Gros plan sur le dernier canon arrière de 8 livres. On le voit amarré à garant simple. Pour cet amarrage on utilise les deux palans de côté, composé chacun d’une poulie simple et une double. La courbe des barrots descend au niveau de la vaigre bretonne qui suit la ligne des seuillets. Le tube est du modèle de 1758. Son affût est du modèle 1763, il se caractérise par une sole allégée et est surtout reconnaissable par les roues avant et arrière de même diamètre.
 

 
 

 

 

 

 

 

 


Vue d’ensemble du second pont
prise au niveau du mât d’artimon montrant les dix canons de 8 £ de la batterie.  

 

 

 

La Grande chambre

 

 

 


Mise en place de la grande échelle, en arrière plan, la cloison de la grande chambre composée d’une suite de panneaux facilement démontables.
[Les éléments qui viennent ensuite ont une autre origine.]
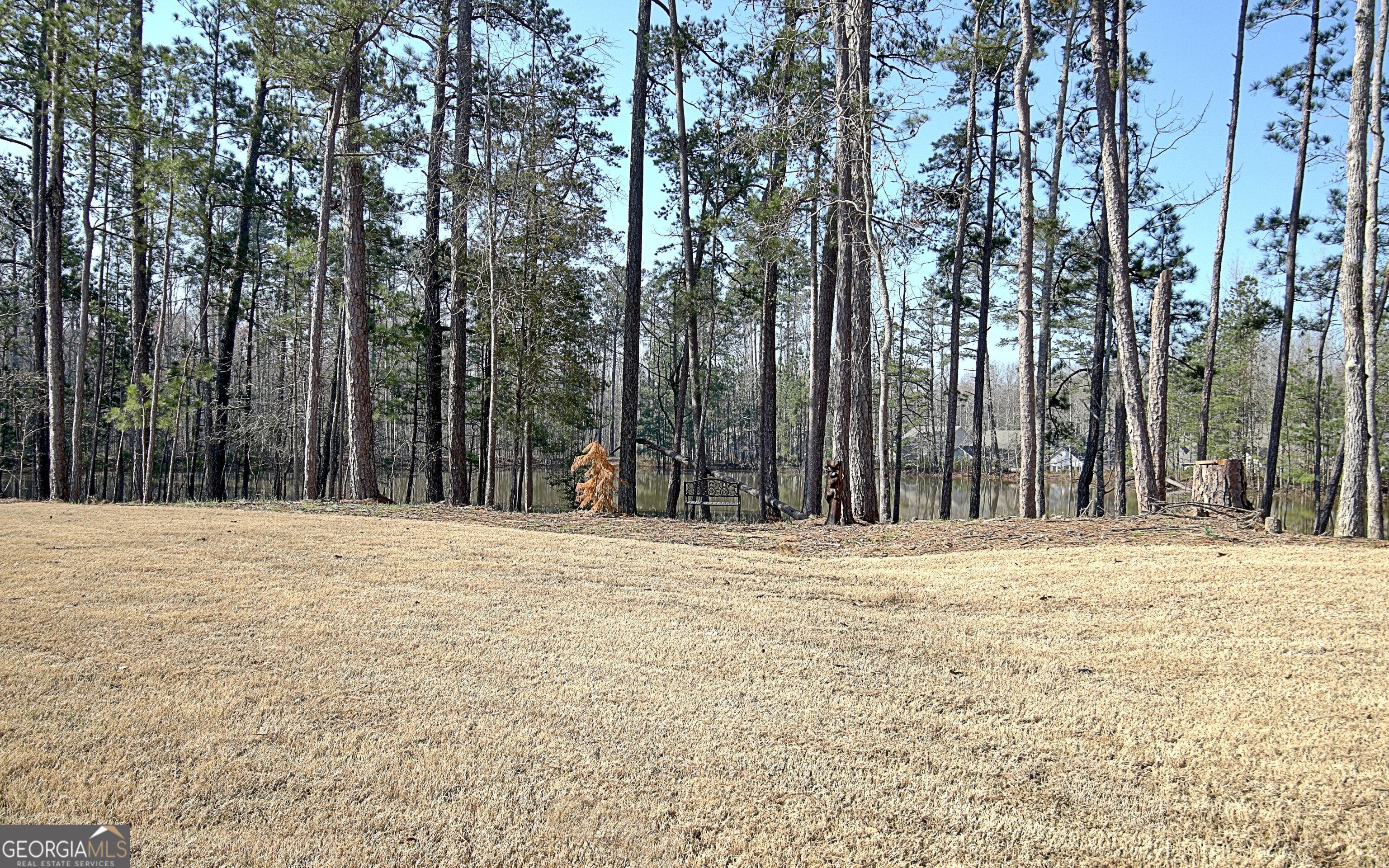 Photo #58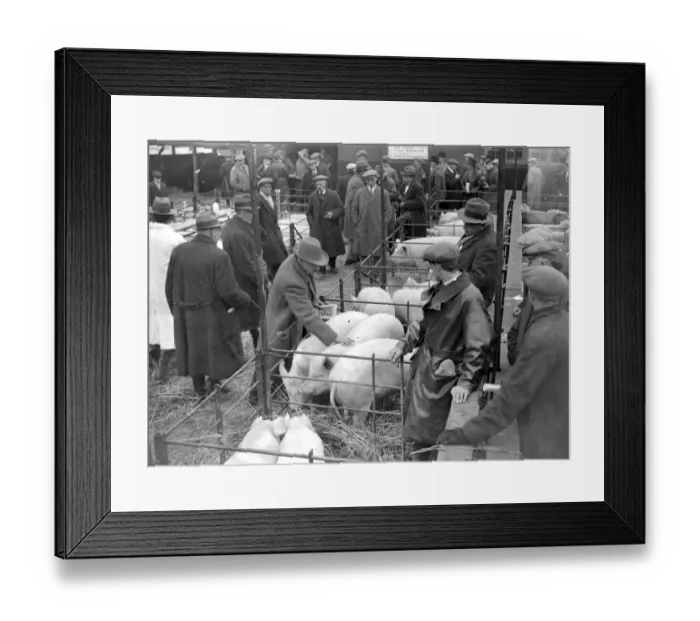 Framed Print : Judging Pigs in Sevenoaks, Kent. 1933 Framed Print : Judging Pigs in Sevenoaks, Kent. 1933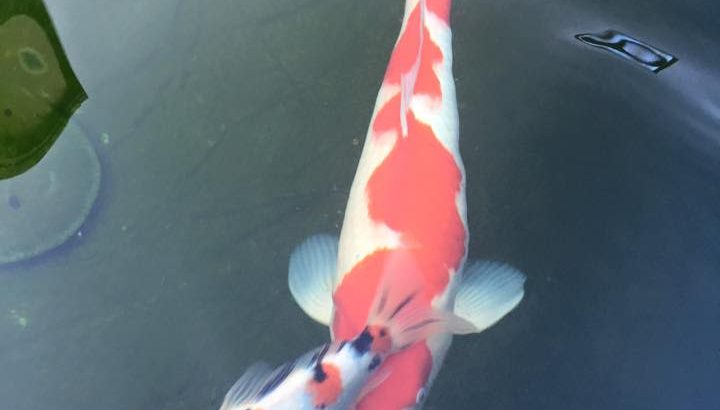 San Diego Koi Show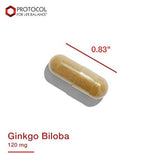 Protocolo para Equilibrio en la vida – Ginkgo Biloba 120 mg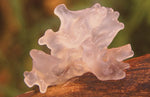 Tremella Mushroom Benefits  | Medicinal Mushrooms Organic Cordyceps & Turkey Tail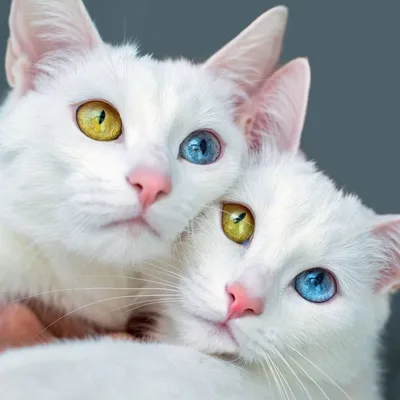 Красивый турецкий кот Ангора Стоковое Изображение - изображение  насчитывающей кот, волосы: 162929939
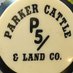 Parker Cattle (@CattleParker) Twitter profile photo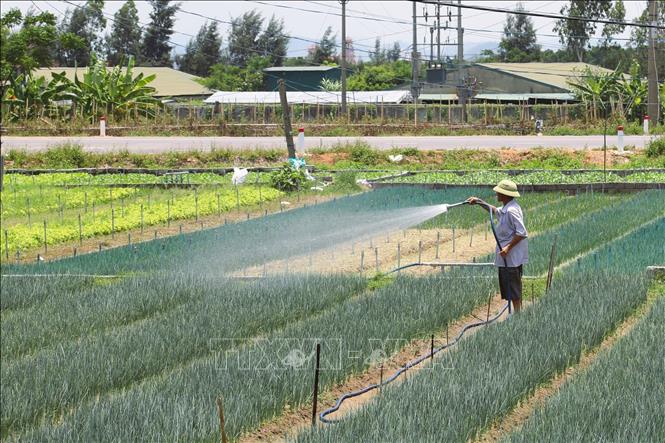 Nông dân xã Quỳnh Anh (tỉnh Nghệ An) dùng vòi bơm tưới đẫm nước lên ruộng nhằm chống khô hạn cho những diện tích cát pha chuyên canh trồng rau màu. Ảnh: Xuân Tiến - TTXVN 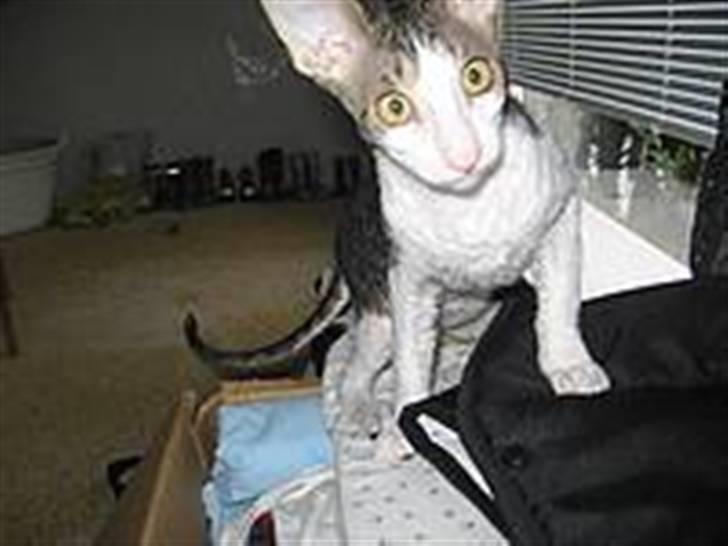 Cornish Rex frinjet billede 3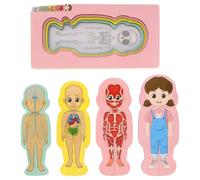 Veemoon Puzzle Éducatif en Bois Anatomie du Corps Humain pour Filles, Stem Précoce Puzzle des Organes, Ensemble Pédagogique Montessori 3D pour Apprentissage Scientifique, Coordination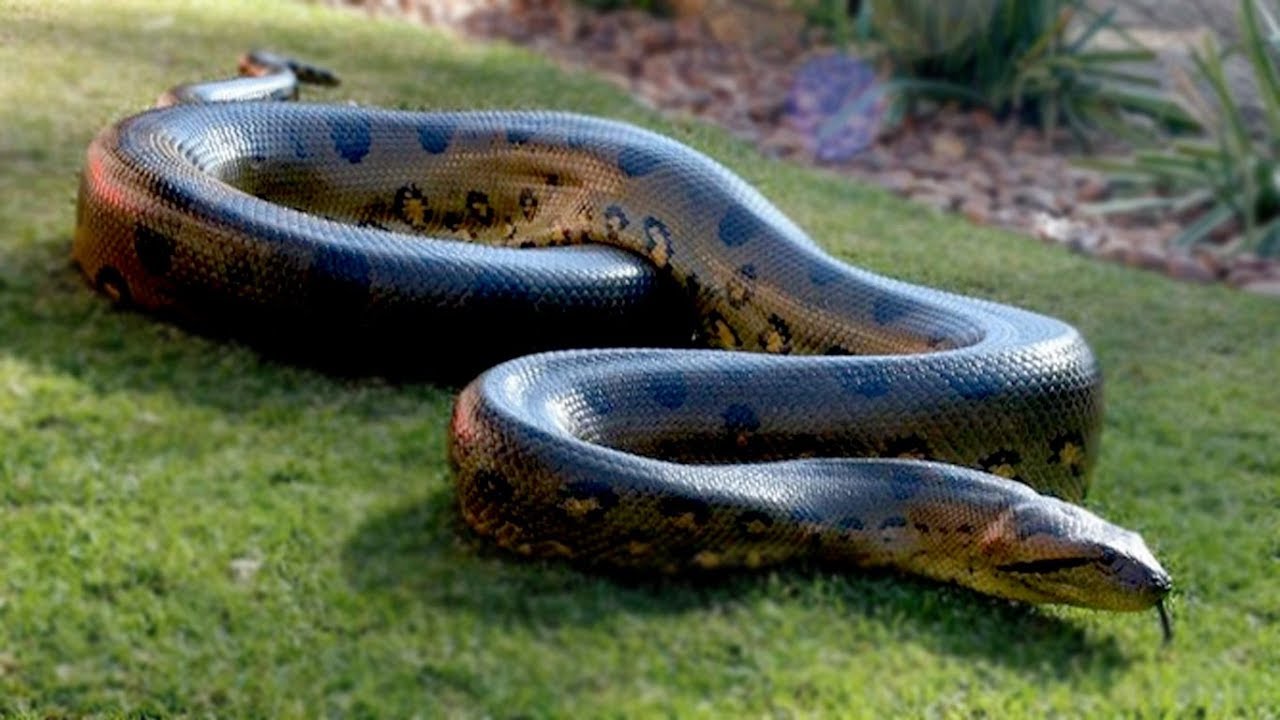 большая змея на траве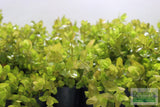 Bacopa Caroliniana 'Yellow flame' (GOLDFISH PROOF!)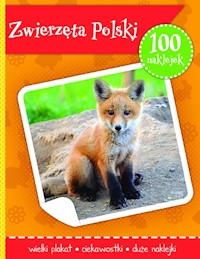 Zwierzęta Polski książeczka z plakatem i 100 naklejek -  - książka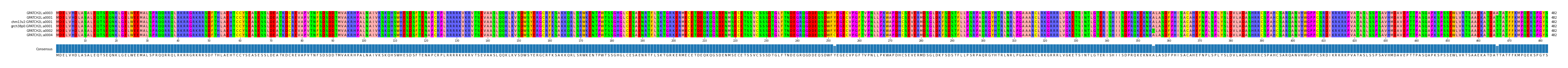 Multiple Alignments (by translate haplotype similarity)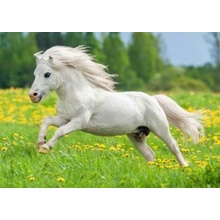 Shetland pony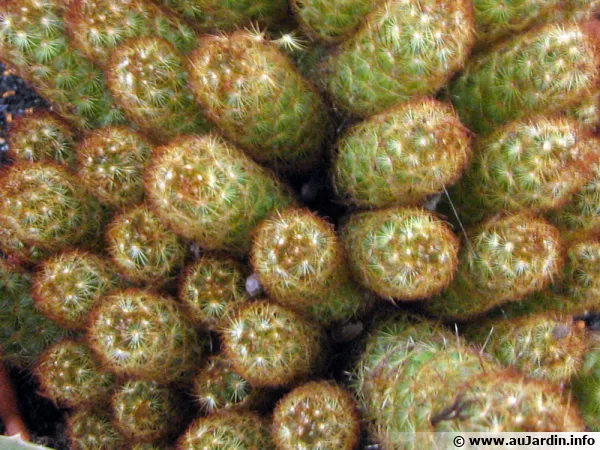 Mammillaria elongata, Mammillaire allongé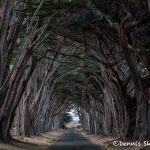 5583 Cypress Tree Tunnel, Point Reyes, California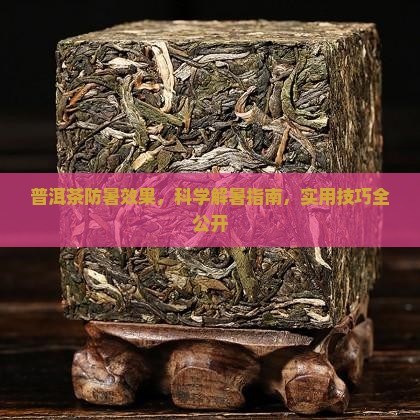 普洱茶防暑效果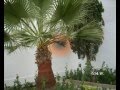 Paseando por Baena 1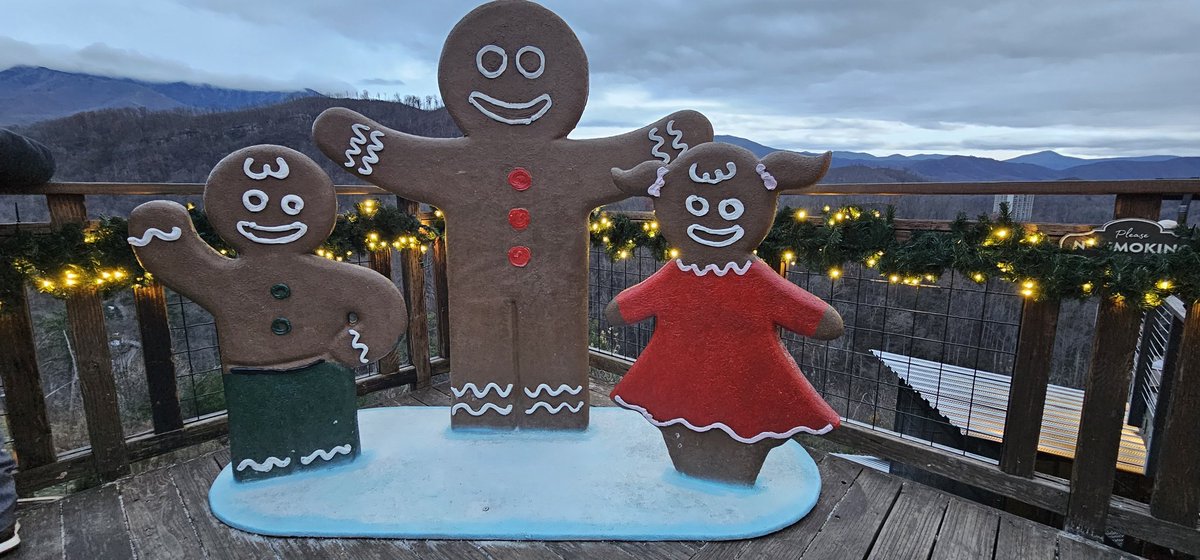 Dinner with a view
(At <a href="/AnakeestaTN/">Anakeesta</a> in <a href="/TravelGburg/">Visit Gatlinburg</a>)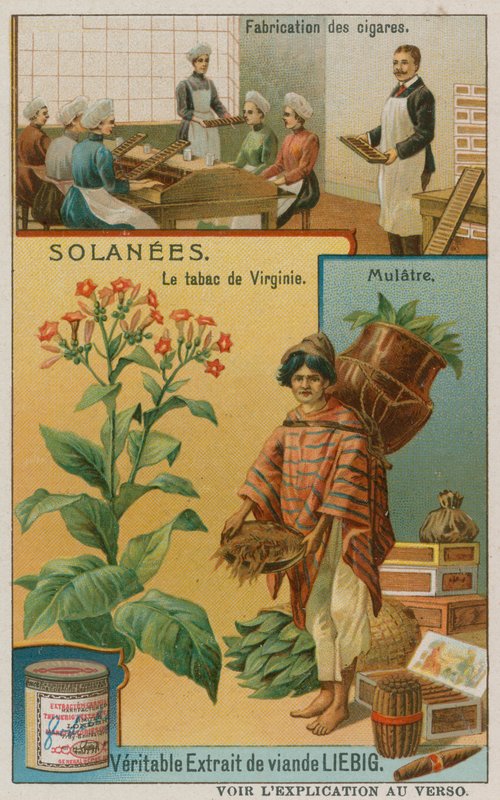 Nicotiana ou tabac - European School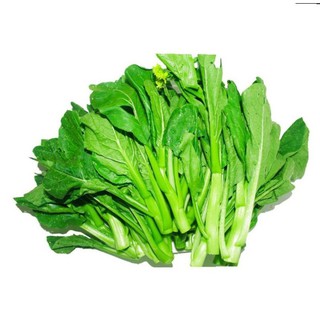 Hạt giống cải ngồng mập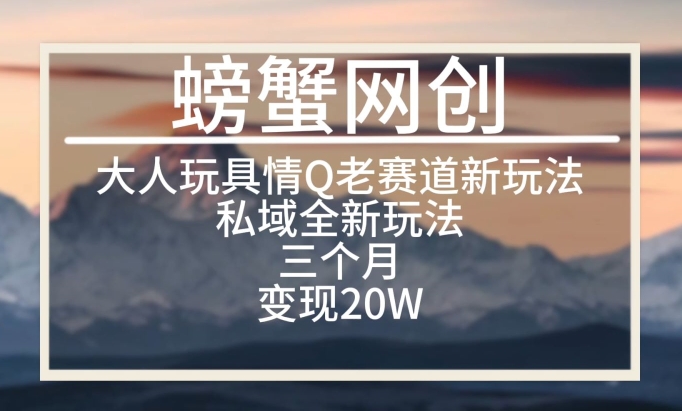 大人玩具情Q用品赛道私域全新玩法，三个月变现20W，老项目新思路-云帆学社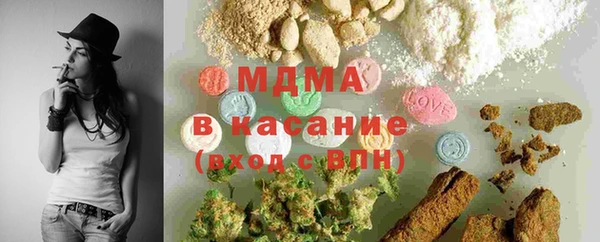 индика Заводоуковск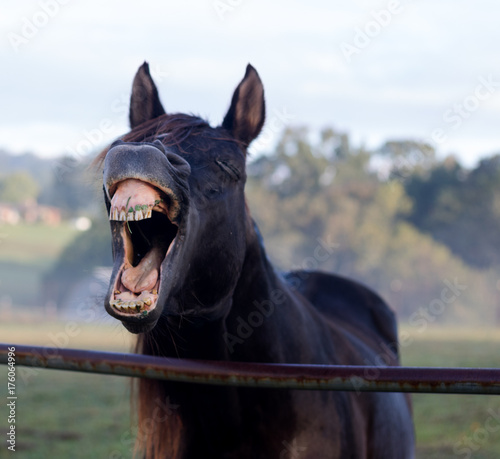 Yawning Horse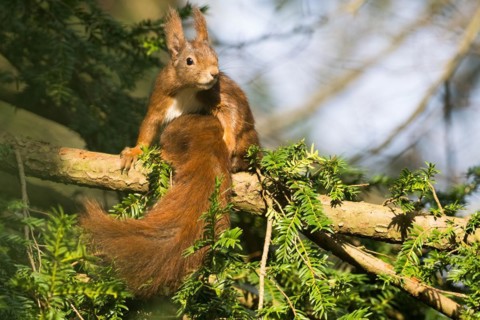 Attentive eurasian red squirrel (Sciurus vulgaris) with fluffy fur sitting on a tree branch in the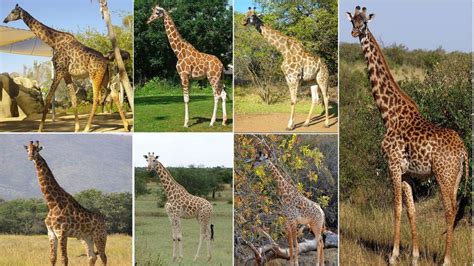 ¿Alguien sabe cuantas especies de jirafas hay en el mundo?
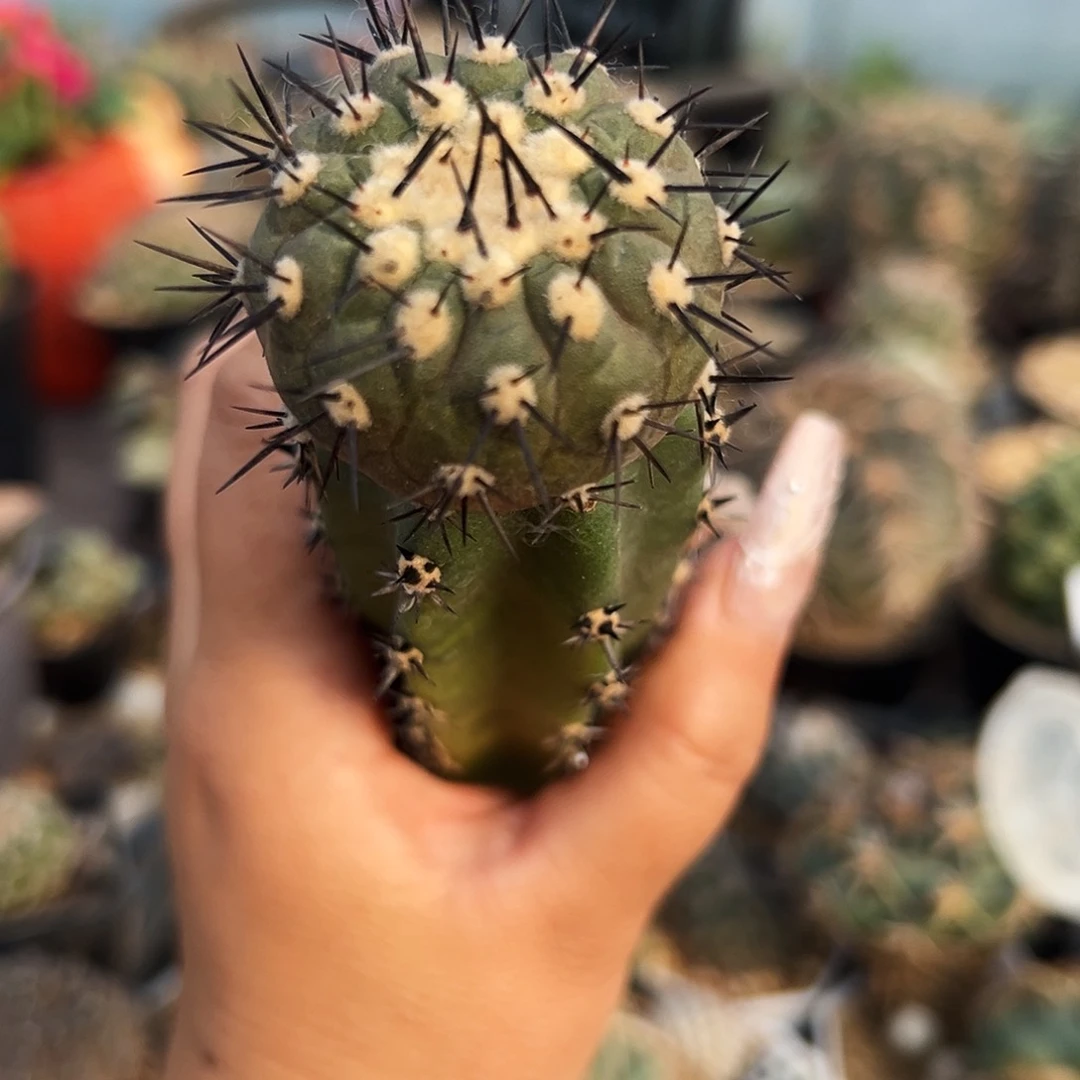 黑王仙人球1111111111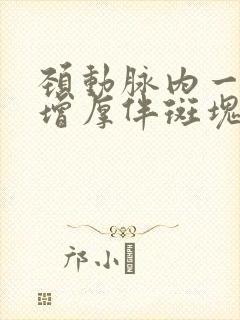 颈动脉内一中膜增厚伴斑块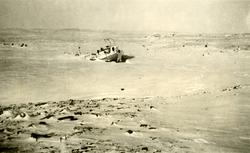 Polarskipet Maud, Cambridge Bay 1935/36.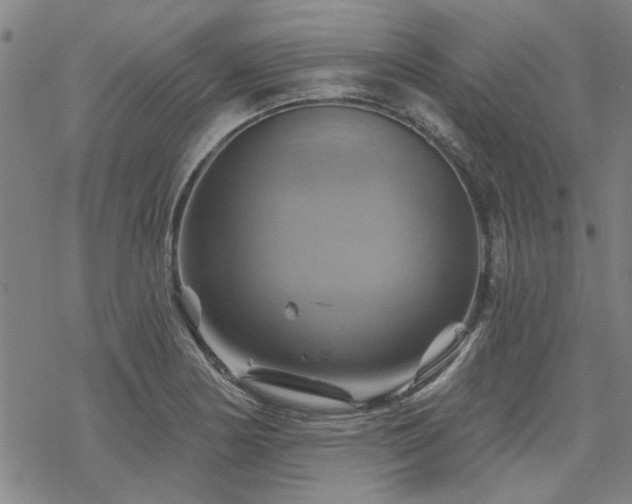 X0000068821178200605051203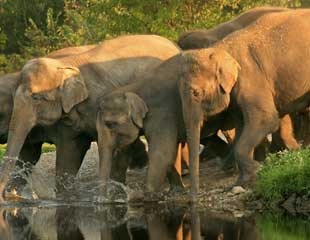 Mudumalai Wild Life Tour Pacakages From Coimbatore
La porte se trouve du côté bâbord, de ce fait l’accès du ou vers le gaillard peut s’effectuer en ligne directe pour leurs usagers.

 

 

 

 

Une vue prise de l’intérieur de la grande chambre montre l’autre face de cette cloison, les montants sont décorés en forme de pilastres.
Le buffet, la table et les bancs font partie de la dotation réglementaire pour cette classe de navire.

 

 

 

 

Pour terminer, une suite de vues de la grande chambre. Les courbes soutenant les barrots du gaillard sont remplacées par une gouttière renversée, l’arrête extérieure est traitée en quart de rond. Les montants de tableau sont recouverts par des planches resciées et ceux-ci sont agrémentées d’un léger décor. En dessous des fenêtres, des caissons formant siège, la face avant de ces caissons est travaillée en forme de S. Au centre un autre caisson coiffe la tête du gouvernail qui arrive jusqu’au dessus du niveau du plancher du second pont. Celui-ci peut être démonté dans le cas de l’utilisation de la barre de gouvernail de secours qui s’emboîte dans la mortaise supérieure de la mèche du gouvernail. L’accès à la bouteille se fait par la porte située entre la courbe de liaison, située en bas et la gouttière renversée en partie haute.

 

 

 

 



Une ouverture dans la  la muraille permet de voir l'ensemble de la grande chambre.